**Task instructions:**
Word for word, copy the lines from the one with "Low angle view" to the last line of the data below, counting both, and keep every picture out.

::: Source data

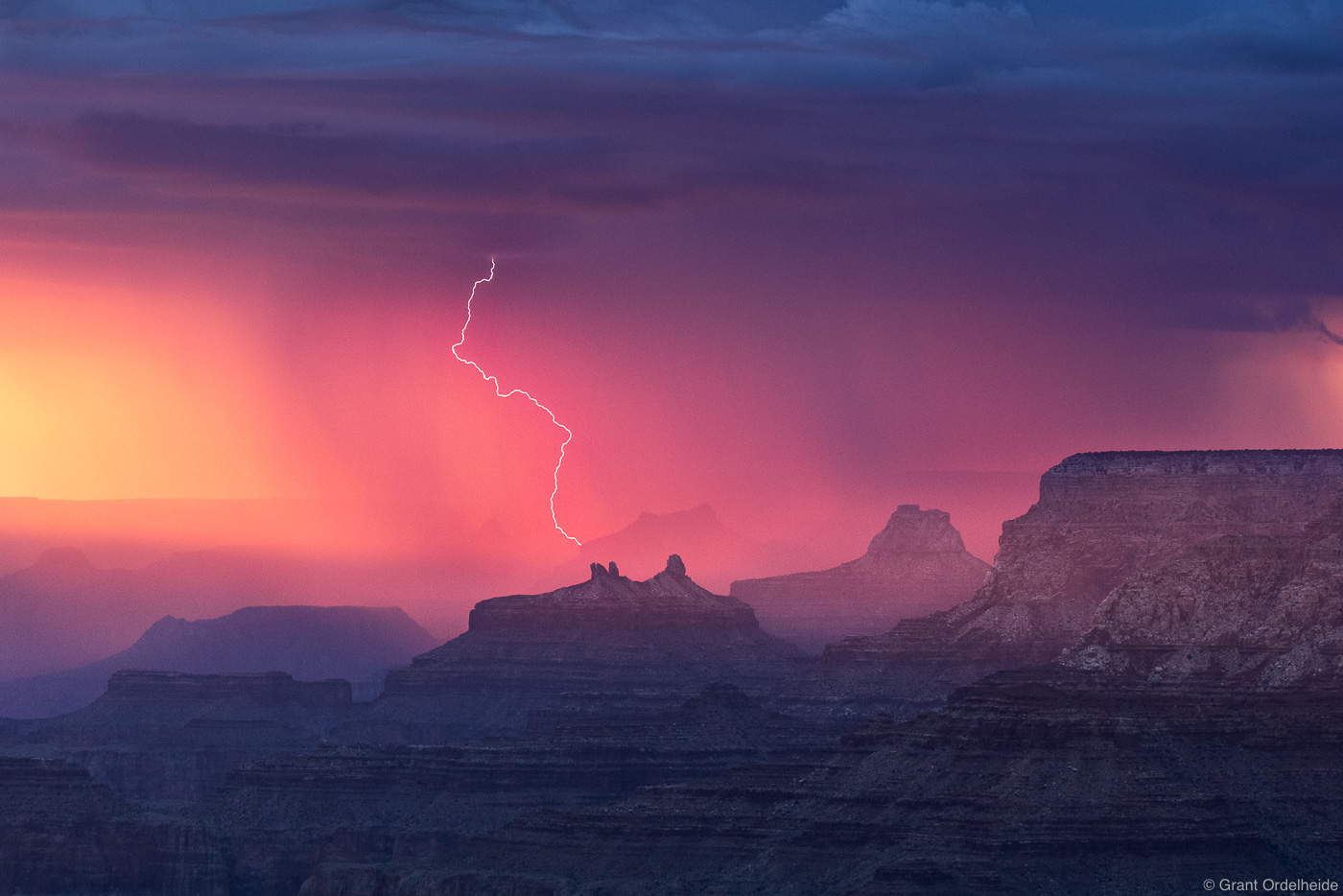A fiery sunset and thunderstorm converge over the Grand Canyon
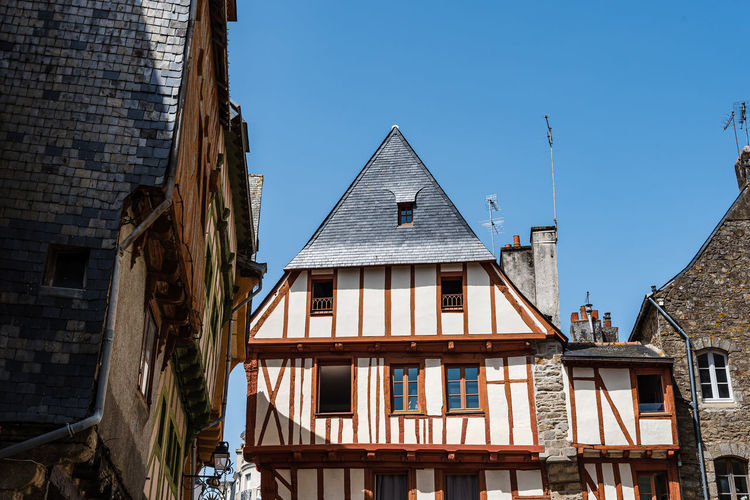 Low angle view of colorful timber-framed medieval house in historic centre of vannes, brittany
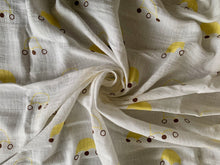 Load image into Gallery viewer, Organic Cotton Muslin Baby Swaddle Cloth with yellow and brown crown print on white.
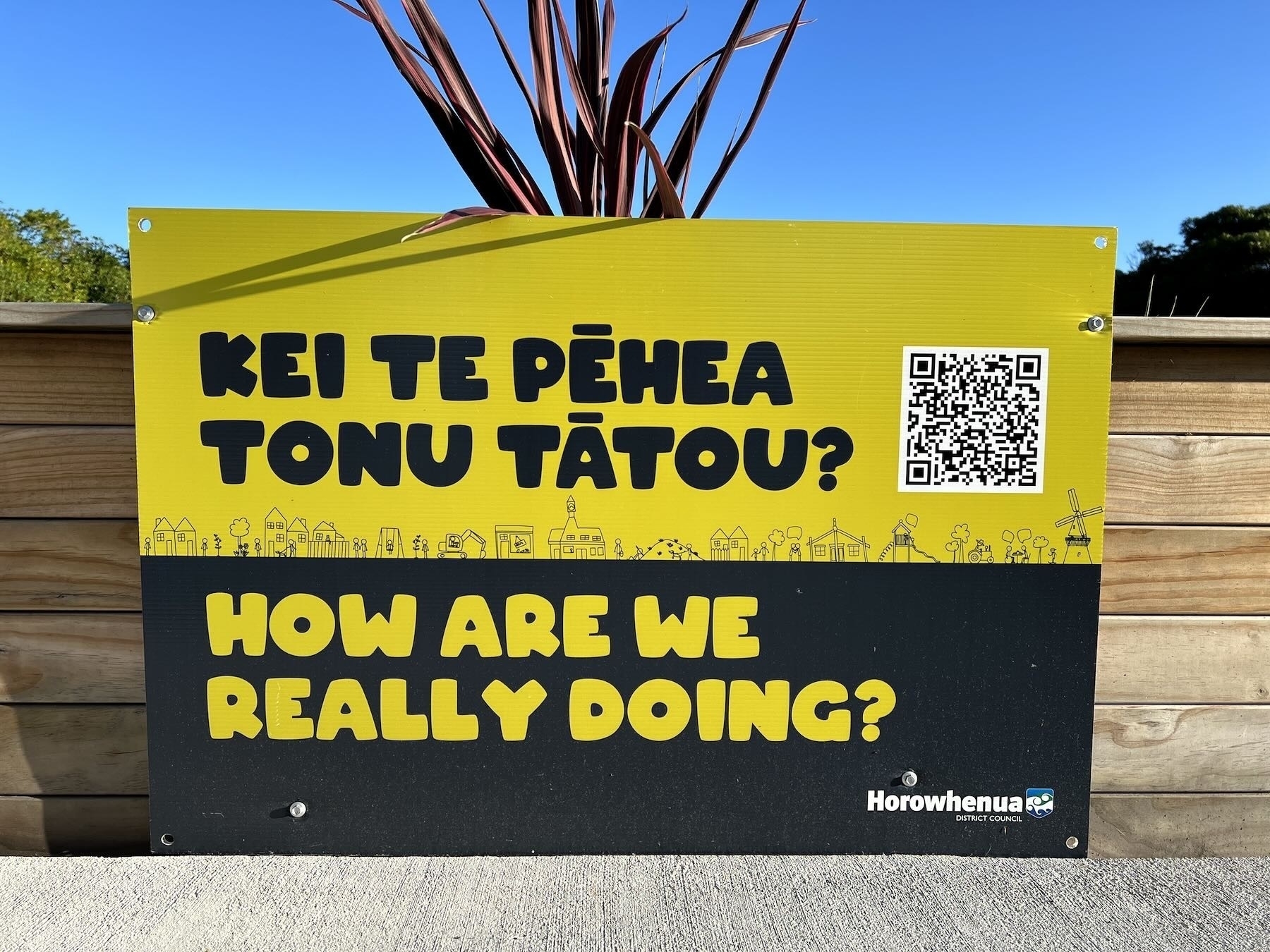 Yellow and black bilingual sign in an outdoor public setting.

::::::

**Answer below:**
 Low angle view of colorful timber-framed medieval house in historic centre of vannes, brittany
 Load image into Gallery viewer, Organic Cotton Muslin Baby Swaddle Cloth with yellow and brown crown print on white.
 Yellow and black bilingual sign in an outdoor public setting.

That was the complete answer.